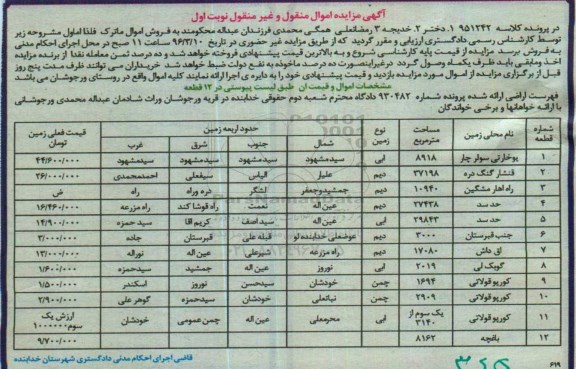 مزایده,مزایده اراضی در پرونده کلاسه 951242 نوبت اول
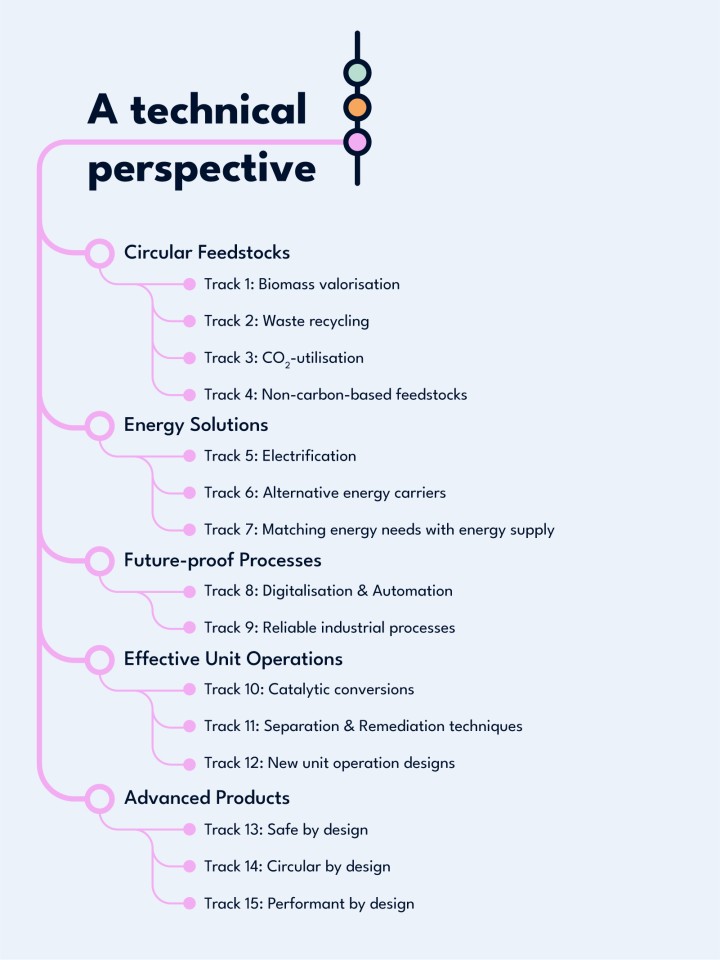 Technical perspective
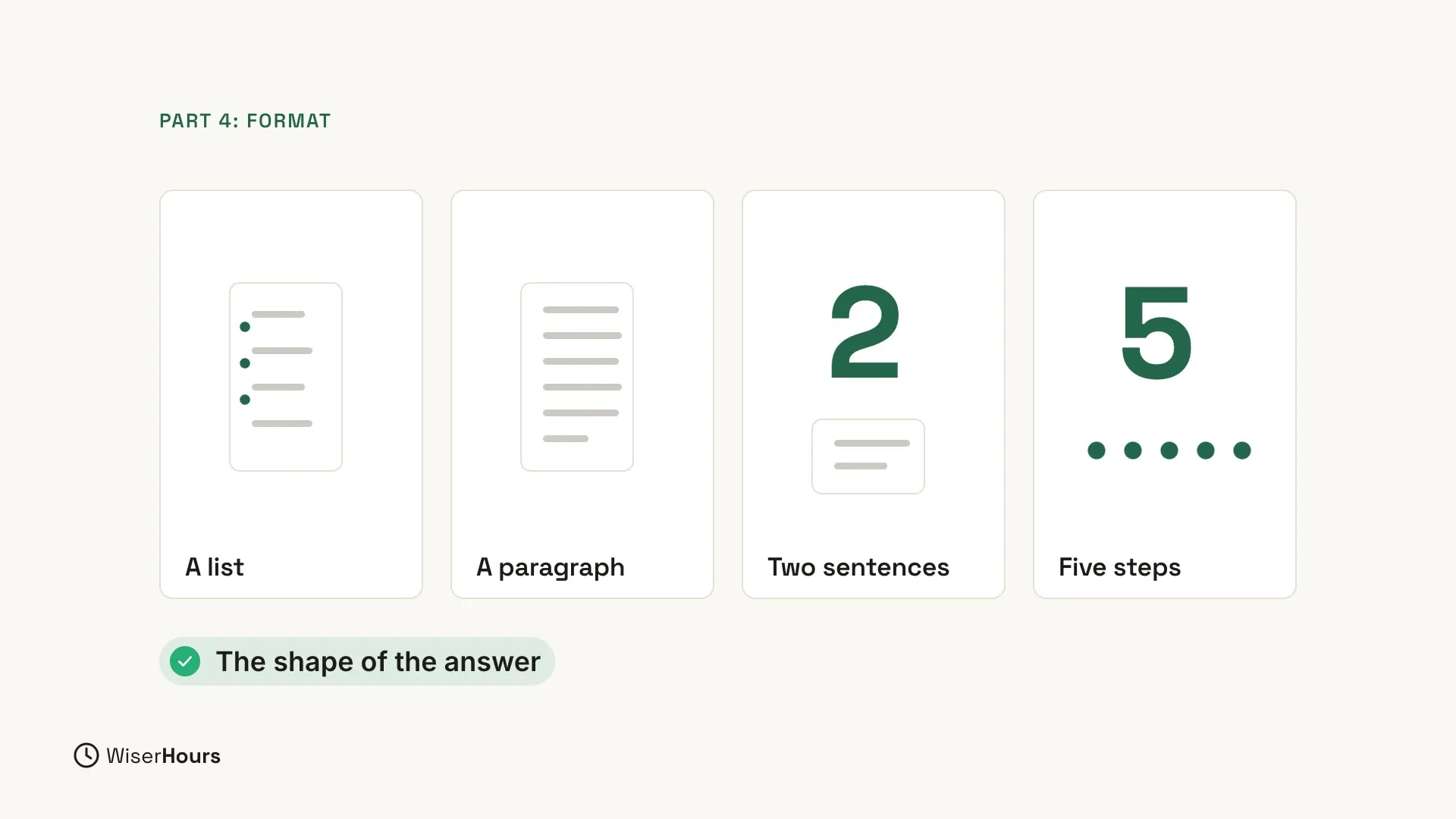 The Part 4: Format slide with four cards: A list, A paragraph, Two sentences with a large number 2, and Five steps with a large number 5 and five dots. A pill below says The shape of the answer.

#####

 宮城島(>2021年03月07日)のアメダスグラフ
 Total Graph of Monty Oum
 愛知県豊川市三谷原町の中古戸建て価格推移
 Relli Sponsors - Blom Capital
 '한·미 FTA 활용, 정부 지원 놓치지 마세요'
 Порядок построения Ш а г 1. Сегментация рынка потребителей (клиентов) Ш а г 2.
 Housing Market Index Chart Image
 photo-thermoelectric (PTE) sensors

#####

#### What is expected
From the data above, reproduce word for word the lines running from the line with "Relli Sponsors - Blom Capital" to the line with "photo-thermoelectric (PTE) sensors", ends included.

#### Exercise output
 Relli Sponsors - Blom Capital
 '한·미 FTA 활용, 정부 지원 놓치지 마세요'
 Порядок построения Ш а г 1. Сегментация рынка потребителей (клиентов) Ш а г 2.
 Housing Market Index Chart Image
 photo-thermoelectric (PTE) sensors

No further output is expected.